Steven Fleishman - Analyst
Okay. Great. Thank you very much.
Operator
Jonathan Arnold, Deutsche Bank.
Jonathan Arnold - Analyst
One sort of strategic question -- this might be for Jack. But Jack, if volatility and the recent volatility we have seen is kind of what's going to ultimately inform the forwards, why not use some of that financial flexibility to be substantially less hedged?

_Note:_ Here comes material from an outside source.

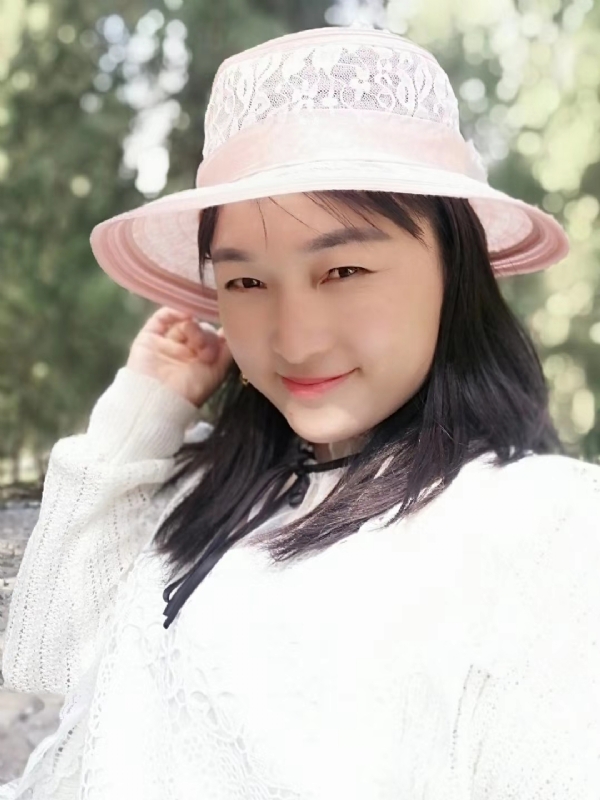 凤凰的第一张照片--宁德相亲服务中心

Chris Crane - President and CEO
Let's have Joe Nigro talk about that.
Joe Nigro - EVP, Exelon and CEO, Constellation
At this point in the cycle, if we talked about 2015 and 2016, which are really the two primary forward years that we are hedging, we've never had a larger open power position at this point in the forward hedging cycle. So we talked a lot, and Jack's script mentioned some of the things that we did in the fourth quarter, in terms of selling gas and rotating out of a very long position. As we -- and we took advantage of the price rise we saw in natural gas from about mid-October through the end of the year. In early January, the gas market actually came off some, and we took the opportunity to buy back a lot of those hedges that we had put on. So we are still carrying a very long open power position.

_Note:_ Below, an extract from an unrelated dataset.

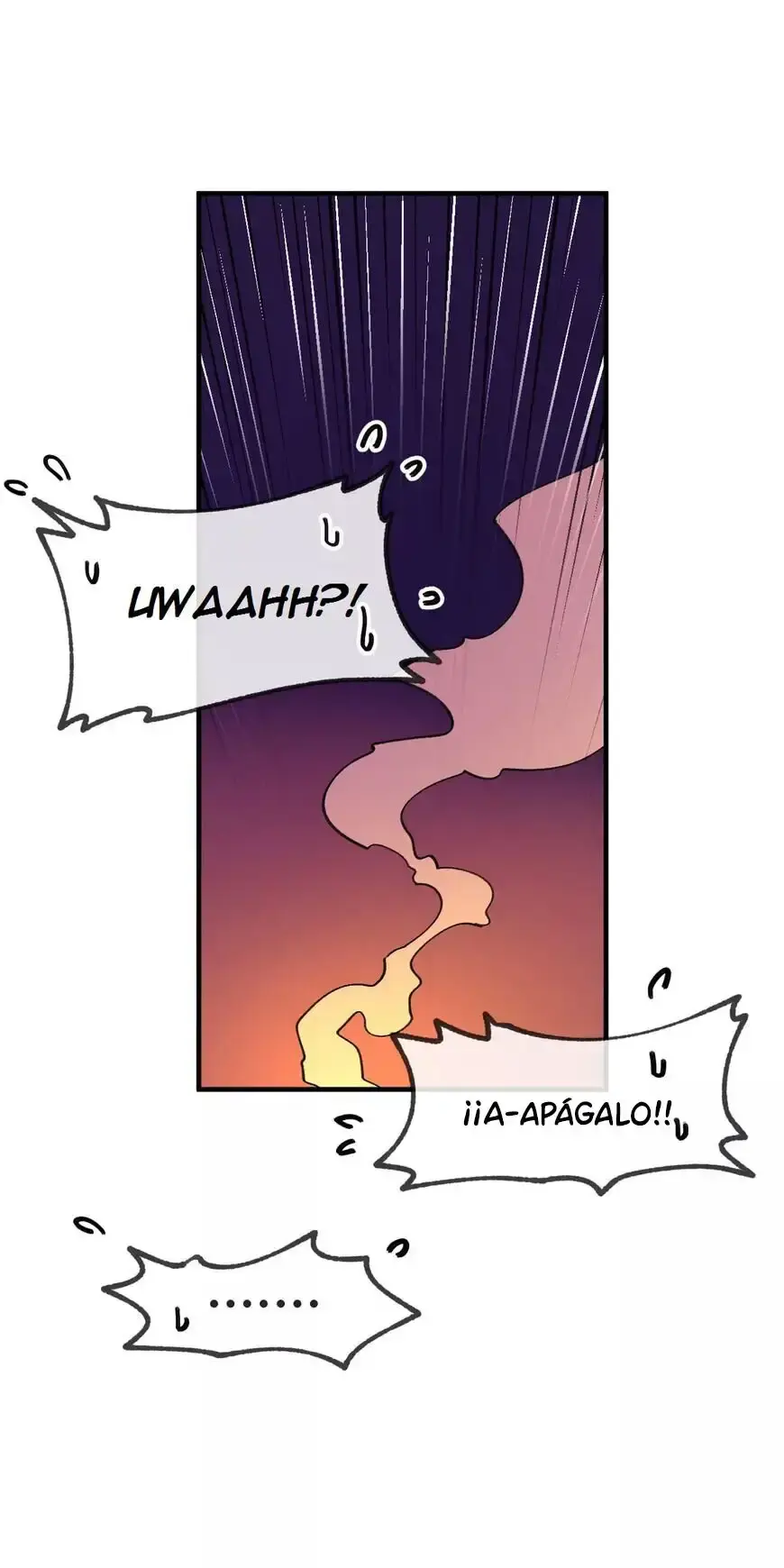 Capitulo 53 page 90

The second thing I would add to that is, there has been some movement in prices when we talk about West Hub and NI-Hub in 2015, in certain seasons like summer and winter. And we compare that to where we think ultimately they should settle, given the fuel price environment we are in. And there may be an opportunity to rotate the positions and make power sales where we think it's appropriate on a seasonal basis. But sitting here today, we have never had a larger open power position at this point in the forward commodity cycle.
Jonathan Arnold - Analyst
Okay. And I just wondered -- you mentioned this restructuring of the gas, or I guess it's gas, the fuel supply on New England, which -- but if you are going to generate a lot less, presumably that was a low-price contract that's going to not be a low price any more. So, I'm curious -- is there a gain associated with that? And when -- did it show up in 2013? Is it something that will be in 2014? Or am I not thinking about that right?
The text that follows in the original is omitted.